Now, algorithms are being used to help managers measure productivity and make important decisions in hiring, compensation, promotion, and training opportunities — all of which may be life-changing for employees. Firms are using this technology to identify and close pay gaps across gender, race, or other important demographic categories. HR professionals routinely use AI-based tools to screen resumes to save time, improve accuracy, and uncover hidden patterns in qualifications that are associated with better (or worse) future performance. AI-based models can even be used to suggest which employees might quit in the near future.
And yet, for all the promise of people analytics tools, they may also lead managers seriously astray.

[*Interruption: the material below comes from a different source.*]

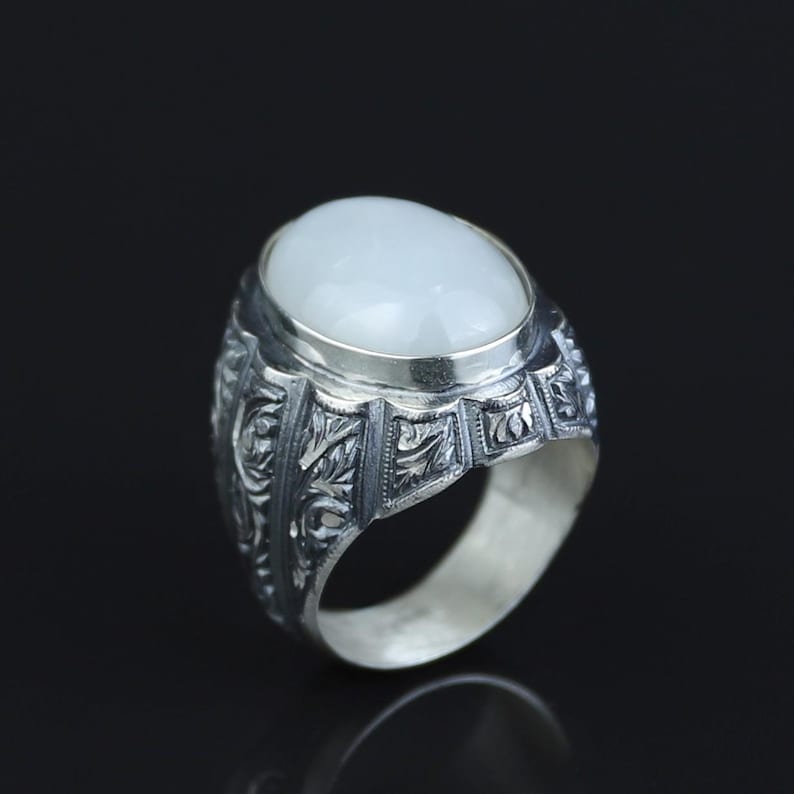 Anillo turco para hombre hecho a mano de plata de ley 925 con piedra lunar arcoíris natural.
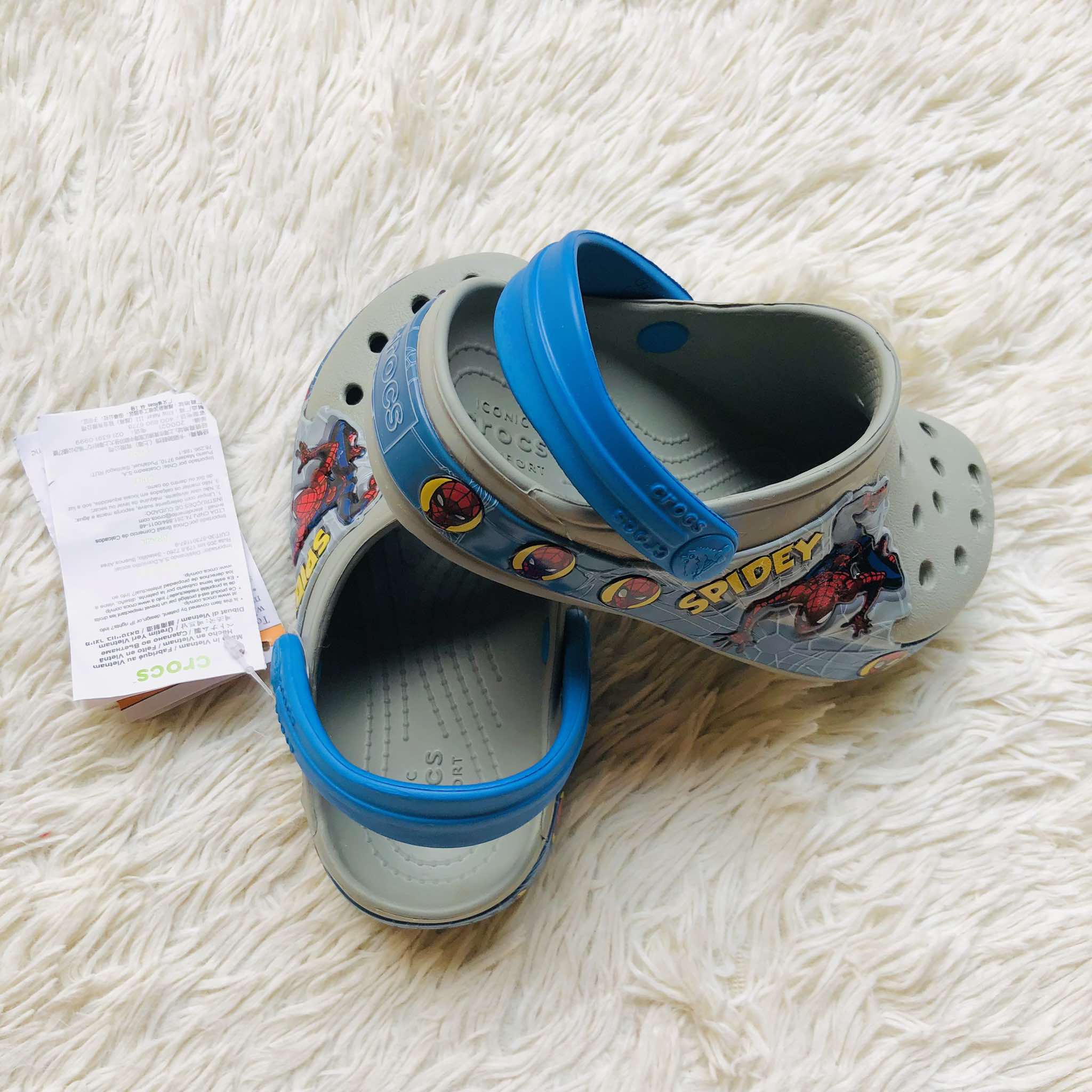 159042 Crocs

Amazon had to throw away a resume screening tool built by its engineers because it was biased against women. Or consider LinkedIn, which is used all over the world by professionals to network and search for jobs and by HR professionals to recruit. The platform’s auto-complete feature for its search bar was found to be suggesting that female names such as “Stephanie” be replaced with male names like “Stephen.” Finally, on the recruiting side, a social media ad for Science, Technology, Engineering and Math (STEM) field opportunities that had been carefully designed to be gender neutral was shown disproportionately to men by an algorithm designed to maximize value for recruiters’ ad budgets, because women are generally more responsive to advertisements and thus ads shown to them are more expensive.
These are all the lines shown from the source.